We can’t expect them to provide constant hands-on support for their children, especially those who have to leave home for work every day. Still, families are inevitably playing a larger role in their child’s education, and their involvement is vital to sustaining a supportive community around young people. We need to help parents navigate this new role by providing the resources to effectively and efficiently guide their children.

There are many ways of connecting with families; the key is to make the effort and reach out. Pick up the phone and call. Sent to voicemail? Leave a message and call again tomorrow. And, the next day. And, the next day after that until you are able to have a conversation and gain an understanding about the support each family needs. Keep that connection going throughout the academic year as all of our contexts—pandemic or no pandemic—are constantly changing.

Using technology to make online learning more human

In our current global context, in which many of us cannot safely share the same physical space, technology has the power to keep us connected and humanize virtual learning. Our learners are the YouTube generation —digital experiences and making virtual connections are a normal part of their lives. How can we lean into their expertise and experience to improve distance learning? 

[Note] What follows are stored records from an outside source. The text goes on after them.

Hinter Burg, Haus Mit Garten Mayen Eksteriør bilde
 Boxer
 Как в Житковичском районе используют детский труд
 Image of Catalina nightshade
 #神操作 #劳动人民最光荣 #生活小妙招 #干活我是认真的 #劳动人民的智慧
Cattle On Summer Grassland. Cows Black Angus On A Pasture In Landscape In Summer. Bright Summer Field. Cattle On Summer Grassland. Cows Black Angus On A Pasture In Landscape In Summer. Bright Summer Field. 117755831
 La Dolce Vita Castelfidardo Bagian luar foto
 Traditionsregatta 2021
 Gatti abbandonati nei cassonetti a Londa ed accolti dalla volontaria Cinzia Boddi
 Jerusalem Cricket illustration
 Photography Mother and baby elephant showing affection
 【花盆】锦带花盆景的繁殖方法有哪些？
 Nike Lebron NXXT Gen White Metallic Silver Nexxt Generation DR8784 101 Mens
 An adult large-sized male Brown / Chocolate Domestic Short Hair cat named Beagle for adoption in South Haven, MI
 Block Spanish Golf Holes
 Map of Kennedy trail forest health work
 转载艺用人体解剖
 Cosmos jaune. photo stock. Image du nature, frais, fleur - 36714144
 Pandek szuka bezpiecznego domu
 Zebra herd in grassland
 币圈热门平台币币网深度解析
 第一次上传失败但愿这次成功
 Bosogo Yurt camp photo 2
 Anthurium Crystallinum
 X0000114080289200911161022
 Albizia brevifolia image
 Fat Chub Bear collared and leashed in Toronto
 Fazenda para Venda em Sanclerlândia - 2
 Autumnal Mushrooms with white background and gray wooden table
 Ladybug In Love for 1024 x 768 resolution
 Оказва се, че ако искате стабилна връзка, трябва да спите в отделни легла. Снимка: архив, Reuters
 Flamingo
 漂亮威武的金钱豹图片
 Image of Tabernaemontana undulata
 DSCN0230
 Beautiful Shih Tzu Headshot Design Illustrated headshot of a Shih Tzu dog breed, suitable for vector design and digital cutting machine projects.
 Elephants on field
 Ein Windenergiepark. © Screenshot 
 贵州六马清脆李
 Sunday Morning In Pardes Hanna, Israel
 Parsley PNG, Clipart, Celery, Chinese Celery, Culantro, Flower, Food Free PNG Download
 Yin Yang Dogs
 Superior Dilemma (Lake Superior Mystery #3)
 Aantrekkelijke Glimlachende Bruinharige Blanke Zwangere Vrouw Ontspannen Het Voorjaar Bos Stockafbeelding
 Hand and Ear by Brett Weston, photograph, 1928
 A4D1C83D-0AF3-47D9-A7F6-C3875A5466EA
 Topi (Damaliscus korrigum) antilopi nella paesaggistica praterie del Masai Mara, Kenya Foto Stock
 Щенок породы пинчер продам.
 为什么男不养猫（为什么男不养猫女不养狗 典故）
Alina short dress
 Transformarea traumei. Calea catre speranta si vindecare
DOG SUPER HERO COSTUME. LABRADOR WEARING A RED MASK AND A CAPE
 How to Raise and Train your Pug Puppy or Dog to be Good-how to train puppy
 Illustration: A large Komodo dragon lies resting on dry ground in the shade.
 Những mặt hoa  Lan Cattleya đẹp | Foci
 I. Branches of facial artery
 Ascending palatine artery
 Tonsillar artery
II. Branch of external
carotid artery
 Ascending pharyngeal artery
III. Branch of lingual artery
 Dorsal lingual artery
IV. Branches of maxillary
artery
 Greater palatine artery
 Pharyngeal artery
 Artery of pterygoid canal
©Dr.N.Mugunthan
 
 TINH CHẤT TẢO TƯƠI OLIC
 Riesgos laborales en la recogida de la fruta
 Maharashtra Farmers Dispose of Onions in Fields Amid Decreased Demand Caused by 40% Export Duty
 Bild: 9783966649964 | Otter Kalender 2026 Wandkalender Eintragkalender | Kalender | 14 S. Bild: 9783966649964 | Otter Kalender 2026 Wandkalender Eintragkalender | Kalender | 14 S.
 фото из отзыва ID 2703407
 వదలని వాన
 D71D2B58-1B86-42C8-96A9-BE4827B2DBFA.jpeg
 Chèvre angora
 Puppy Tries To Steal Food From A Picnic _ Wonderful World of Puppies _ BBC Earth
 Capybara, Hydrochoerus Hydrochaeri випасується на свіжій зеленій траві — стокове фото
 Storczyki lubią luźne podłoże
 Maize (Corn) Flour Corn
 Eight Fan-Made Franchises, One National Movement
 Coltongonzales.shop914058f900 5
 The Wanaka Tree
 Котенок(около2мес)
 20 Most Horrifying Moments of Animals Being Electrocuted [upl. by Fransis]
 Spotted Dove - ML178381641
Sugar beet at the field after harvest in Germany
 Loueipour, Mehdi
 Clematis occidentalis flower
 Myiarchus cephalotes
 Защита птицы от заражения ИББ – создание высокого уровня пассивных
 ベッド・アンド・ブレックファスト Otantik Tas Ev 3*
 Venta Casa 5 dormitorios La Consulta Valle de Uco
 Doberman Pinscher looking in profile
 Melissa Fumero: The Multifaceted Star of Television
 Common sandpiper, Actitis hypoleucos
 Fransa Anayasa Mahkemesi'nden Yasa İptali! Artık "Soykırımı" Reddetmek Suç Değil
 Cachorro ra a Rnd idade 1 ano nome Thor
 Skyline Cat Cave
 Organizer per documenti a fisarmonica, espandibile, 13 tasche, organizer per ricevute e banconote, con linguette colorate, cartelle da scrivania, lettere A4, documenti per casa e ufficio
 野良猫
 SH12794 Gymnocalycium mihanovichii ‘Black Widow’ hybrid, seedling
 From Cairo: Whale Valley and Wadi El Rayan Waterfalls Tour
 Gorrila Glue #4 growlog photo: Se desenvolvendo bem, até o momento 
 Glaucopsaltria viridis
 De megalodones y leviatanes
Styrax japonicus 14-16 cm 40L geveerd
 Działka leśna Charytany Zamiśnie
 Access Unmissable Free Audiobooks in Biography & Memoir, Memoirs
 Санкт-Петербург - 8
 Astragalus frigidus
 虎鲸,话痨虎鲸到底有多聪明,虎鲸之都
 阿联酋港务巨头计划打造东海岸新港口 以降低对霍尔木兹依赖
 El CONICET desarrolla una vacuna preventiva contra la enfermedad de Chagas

As a student myself, I feel more engaged when watching educational videos that include the speaker’s face in a little box or bubble. Maybe it feels more like being in an actual conversation; maybe it’s being able to pick up on a speaker’s nonverbal communication cues. Either way, seeing the human behind the lesson is a simple, yet meaningful, way for learners to feel a stronger connection with their teachers (even if the lesson is pre-recorded).

Initially, recording myself on video and sending it out into the world felt uncomfortable. It requires vulnerability, and talking to a camera in an empty room is disorienting. Once you understand that the initial discomfort is part of the process and has a greater purpose, you’ll discover it’s worth it. (Bonus: consider how talking to your students about overcoming your own discomfort will help build community as well.)

We need to help students (and families) feel like they know who we are and feel like they’re interacting with another human being, not just a computer. It will get easier and more natural over time, but the only place to start is by pressing record and repeating what you want to say a million times until it sounds (and feels) normal and complete.

Is this year going to be challenging? Yes. Will we be figuring out a lot along the way? Definitely. Will we strive to support every one of our learners to the best of our ability and then some? You bet. 

This is a kairos moment in which we have an opportunity to redefine how we build community, and if we leverage this moment, we can make our educational communities stronger and more connected than ever before.